A self-proclaimed “Jersey Boy”, Adubato began his coaching career in the junior and senior high schools of New Jersey, primarily in the Paterson area. He gained not only a good coaching reputation but also was known for his toughness both on and off the court, mainly due to the neighborhoods of the schools in which he worked. He also coached at Division III Upsala College when he got his first break into professional basketball. It came when a fellow Jersey Boy, Dick Vitale, called Adubato to be one of his assistant coaches of the Detroit Pistons.
From there, Adubato got the itch to stay in the professional game and he turned it into a lengthy career. When Vitale was fired in the middle of his second season, Adubato became the interim head coach. After the Pistons gig, Adubato made several stops as both an assistant and as a head coach for the Dallas Mavericks and the Orlando Magic. He had success at both places, guiding the franchises to playoff appearances but also had down seasons that led to his dismissal at both places as well – such is the life of a NBA coach. However, he didn’t let that stop him as he became the head coach of the New York Liberty in the early years of the WNBA, leading that team to at least the Eastern Conference finals in four consecutive seasons. He also coached in Russia (one of the most entertaining stories in the book took place there) and came back to the WNBA, coaching the Washington Mystics in his last coaching job before going into broadcasting.
With all of this experience and travel, one would expect the book to contain plenty of stories and name-dropping. It certainly delivers on that promise as Abudato shares so many stories of not only his coaching career, but also a few stories about meeting other celebrities such as Frank Sinatra. There isn’t a lot of personal information in the book as he doesn’t talk about his family very much.

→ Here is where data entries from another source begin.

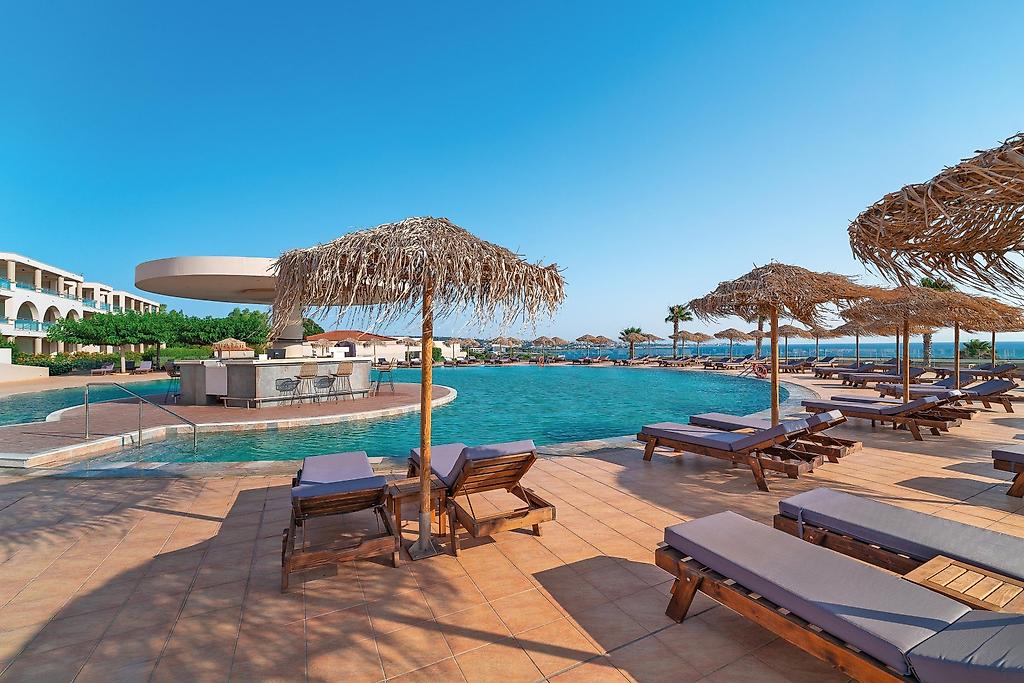 Kresten Royal Euphoria Resort, Pool/Poolbereich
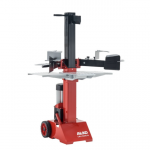 Malkų skaldyklė LSV 560/8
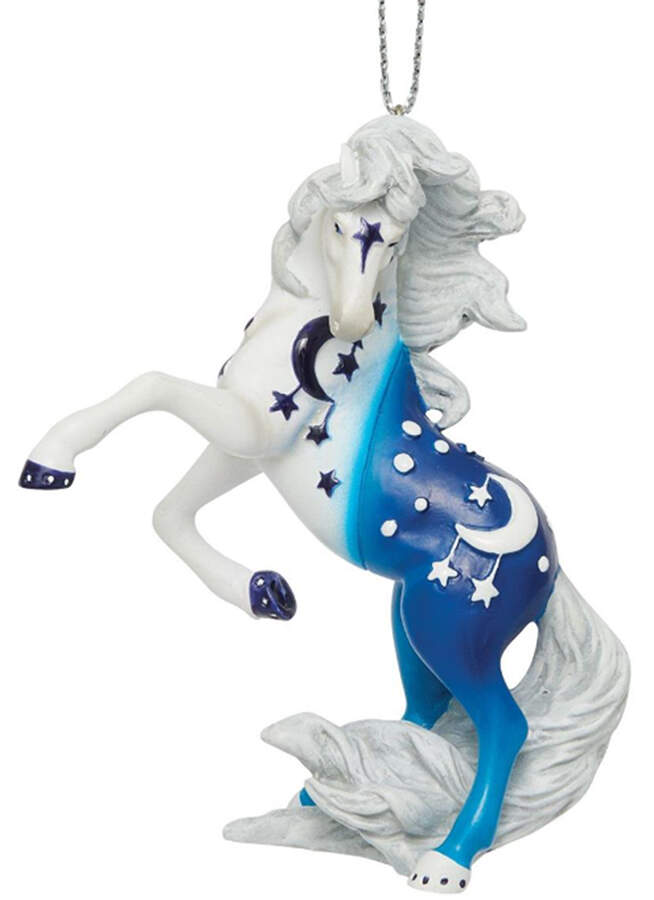 Trail of Painted Ponies Ornaments Midnight Lullaby - Boxed by Trail of Painted Ponies-1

The most amount of text used for a personal or family story was when he married his second wife Carol and they were able to brag that they got married in Italy – Italy, Texas that is.
The book doesn’t have a really good flow, although Abudato tells his stories in chronological order, which is helpful. The writing is pretty good and is clearly in conversational style as he sometimes just goes immediately from discussing one coaching job ending to another starting and a reader may not remember which season this refers to unless he or she is paying close attention. But those are minor annoyances because reading this book is just so much fun. The stories will often make you laugh, but a few are more somber, such as the story of one of the players he coached in Dallas, Roy Tarpley. Those stories and situations are just as easy to read, however, and it shows how much coaching and basketball are in Abudato’s blood.

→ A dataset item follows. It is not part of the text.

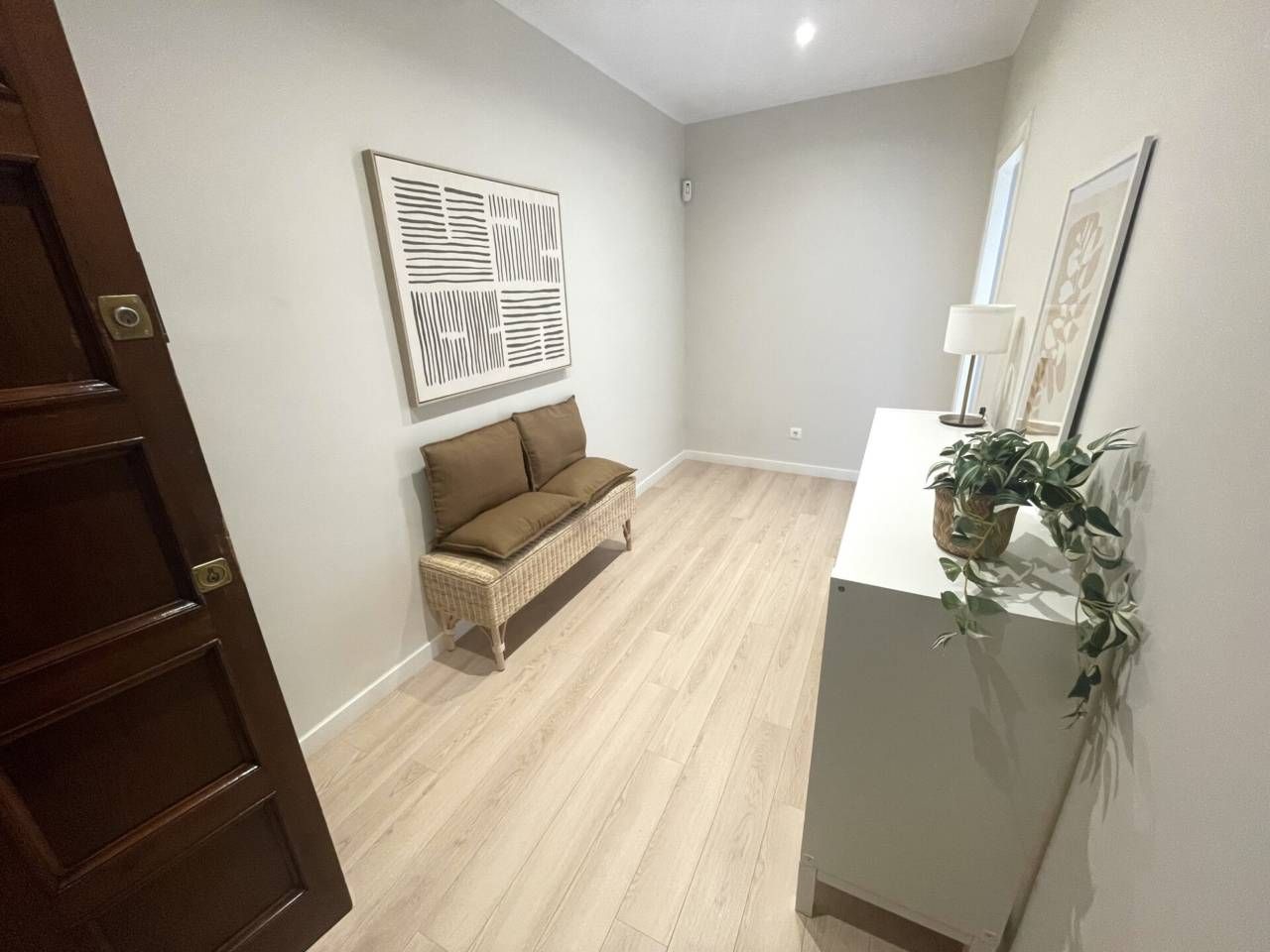 Attic to rent in  Palma de Mallorca  with Heating, Terrace and Furnished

Any basketball fan who has heard about Abudato, either through his coaching or his broadcasting, will want to read this book. It has the feel of a chat on the porch while sitting on a swinging bench and enjoying one’s favorite beverage while the coach shares another tale from his coaching life.
I wish to thank University of Nebraska Press for providing a copy of the book in exchange for an honest review.